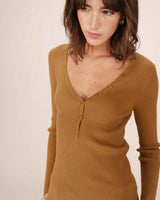 Fine knit sweater ocher Saturnin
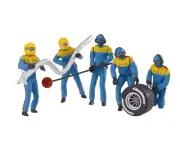 Carrera Evo/Digital 132 - Pit Mechanics 5 Piece Set - Blue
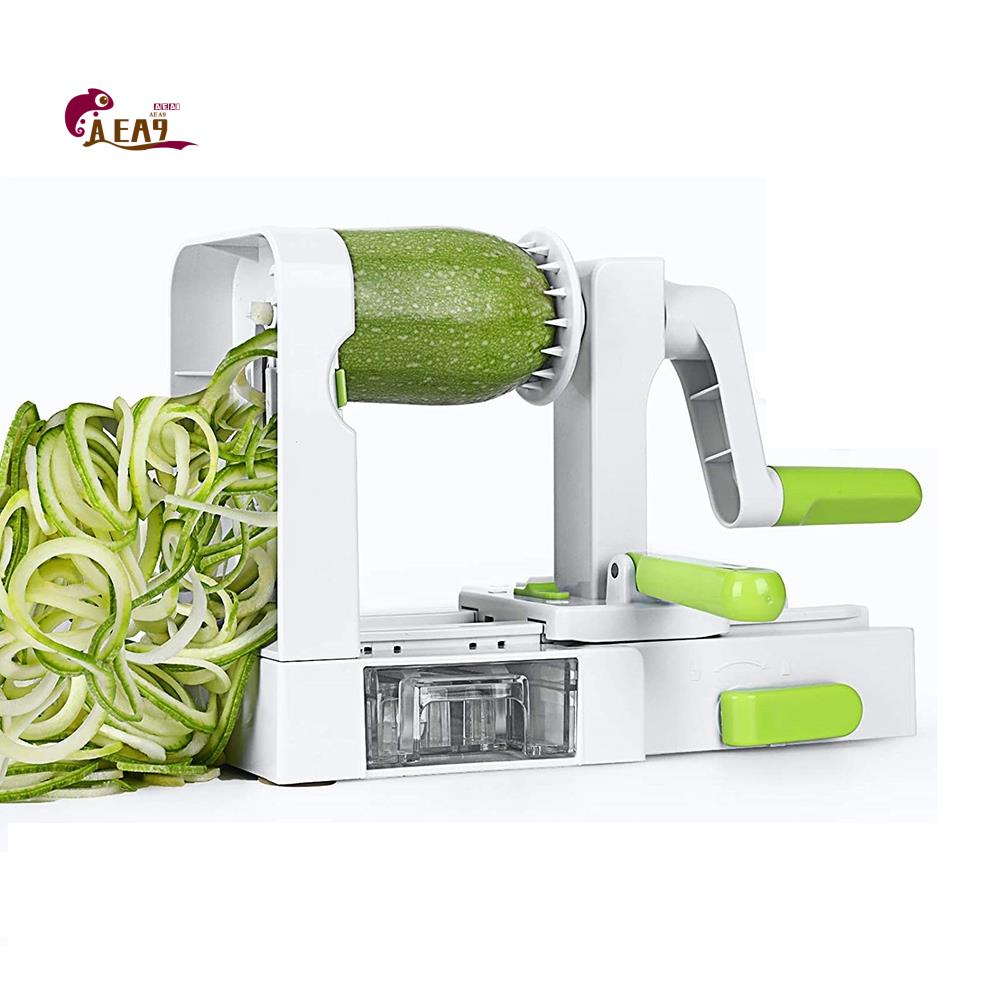 Spiralizer Vegetable Noodle - AEA9-Spiralizer Spiralizer Slicer Pembuat Zoodles Zucchini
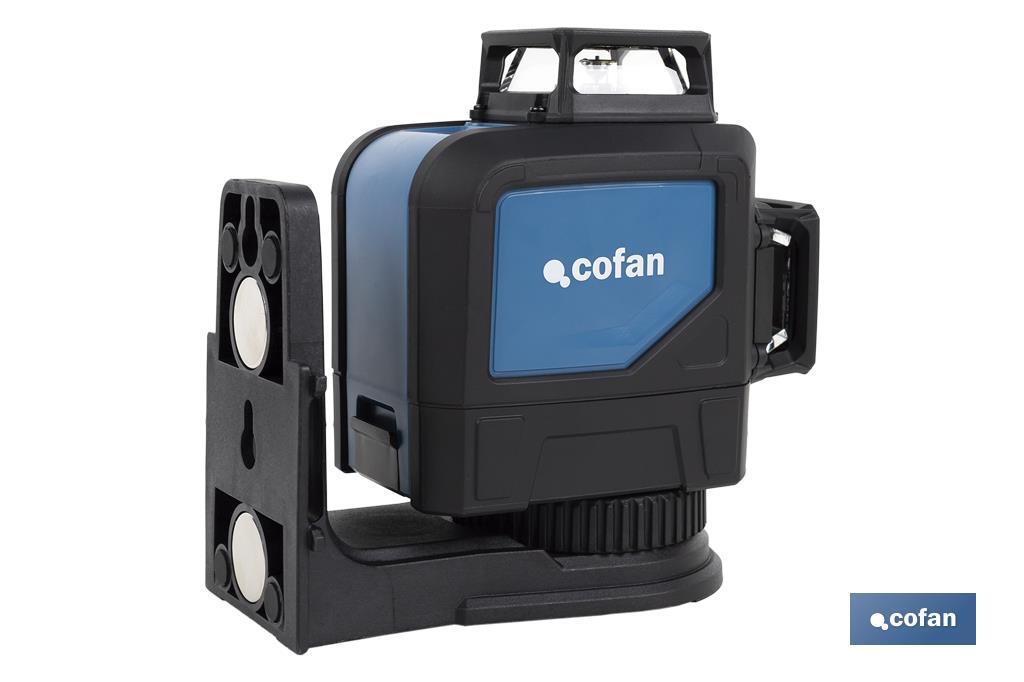 Self-levelling laser level | Working range: 30m | Cross-line laser | 360° levelling - Cofan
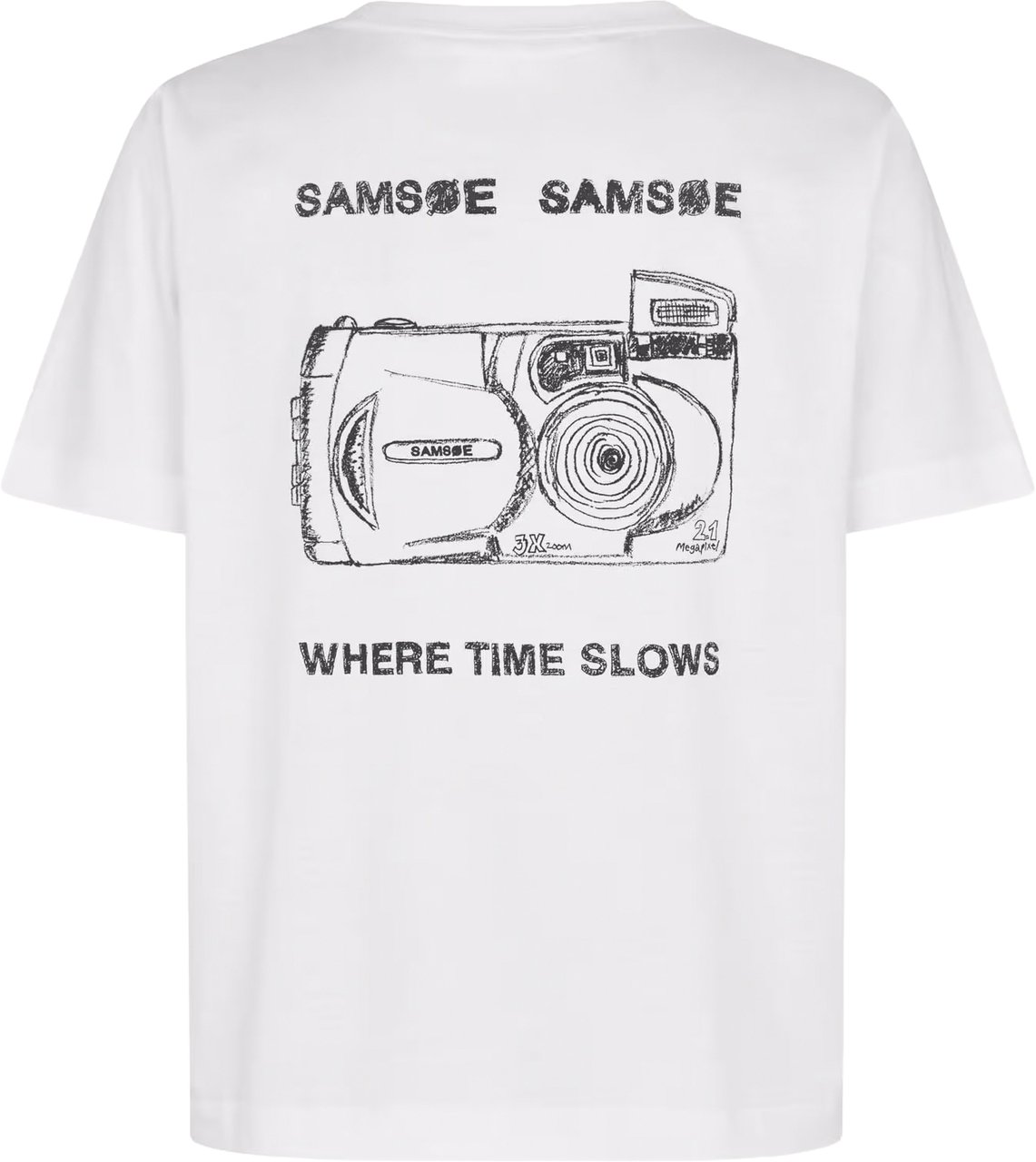 Samsøe Samsøe sacamino shirt Wit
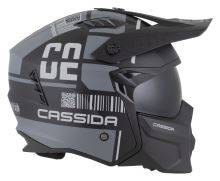 Přilba Cross Country Code, CASSIDA (černá matná/tmavě šedá/světle šedá) 2026 (11)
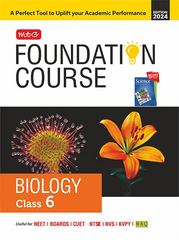 Foundation Course Biology Book for Class 6 by MTG Learning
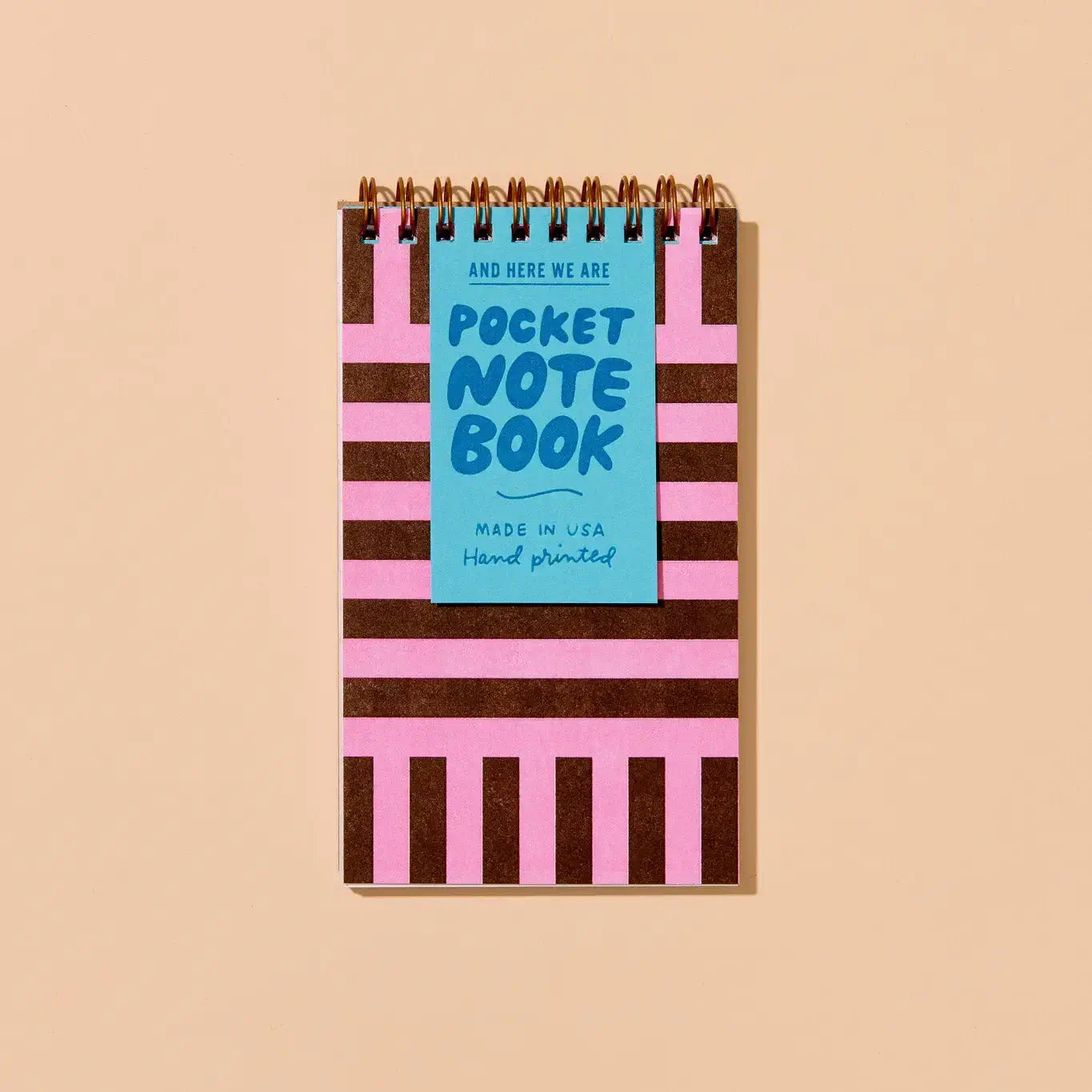 Letterpress Spiral Notebooks and Notepads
##########
**INSTRUCTIONS FOR THE TASK:**
Copy out the lines above in full and unaltered, apart from the pictures.

**RESULT:**
 Fine knit sweater ocher Saturnin
 Carrera Evo/Digital 132 - Pit Mechanics 5 Piece Set - Blue
 Spiralizer Vegetable Noodle - AEA9-Spiralizer Spiralizer Slicer Pembuat Zoodles Zucchini
 Self-levelling laser level | Working range: 30m | Cross-line laser | 360° levelling - Cofan
 Samsøe Samsøe sacamino shirt Wit
 Přilba Cross Country Code, CASSIDA (černá matná/tmavě šedá/světle šedá) 2026 (11)
 Foundation Course Biology Book for Class 6 by MTG Learning
 Letterpress Spiral Notebooks and Notepads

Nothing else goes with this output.